(Stored data)
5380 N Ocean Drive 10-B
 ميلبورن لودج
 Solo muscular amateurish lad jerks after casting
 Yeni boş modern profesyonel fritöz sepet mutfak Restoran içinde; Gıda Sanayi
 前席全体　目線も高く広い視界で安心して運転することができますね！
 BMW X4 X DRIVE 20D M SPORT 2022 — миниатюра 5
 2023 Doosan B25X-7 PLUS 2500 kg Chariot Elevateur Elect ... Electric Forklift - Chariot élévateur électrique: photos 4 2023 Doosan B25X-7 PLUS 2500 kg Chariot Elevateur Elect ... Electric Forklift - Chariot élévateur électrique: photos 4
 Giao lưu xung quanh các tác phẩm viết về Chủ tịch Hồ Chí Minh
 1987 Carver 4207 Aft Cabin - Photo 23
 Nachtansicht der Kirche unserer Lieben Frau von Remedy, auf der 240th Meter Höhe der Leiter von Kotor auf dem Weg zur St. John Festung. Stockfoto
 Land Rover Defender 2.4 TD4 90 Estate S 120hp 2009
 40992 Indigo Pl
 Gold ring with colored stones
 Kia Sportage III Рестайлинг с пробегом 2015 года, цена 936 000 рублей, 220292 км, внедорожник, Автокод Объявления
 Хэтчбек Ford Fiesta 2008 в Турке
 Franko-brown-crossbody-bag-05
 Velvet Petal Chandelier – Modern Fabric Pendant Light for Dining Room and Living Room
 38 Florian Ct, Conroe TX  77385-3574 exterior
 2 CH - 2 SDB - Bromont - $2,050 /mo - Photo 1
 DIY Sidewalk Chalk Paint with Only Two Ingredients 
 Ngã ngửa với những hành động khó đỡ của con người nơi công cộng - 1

:: Exercise objective ::
Only lines that contain the string "with" count; pick each one out of the records and copy it.

:: Written response ::
 Gold ring with colored stones
 DIY Sidewalk Chalk Paint with Only Two Ingredients 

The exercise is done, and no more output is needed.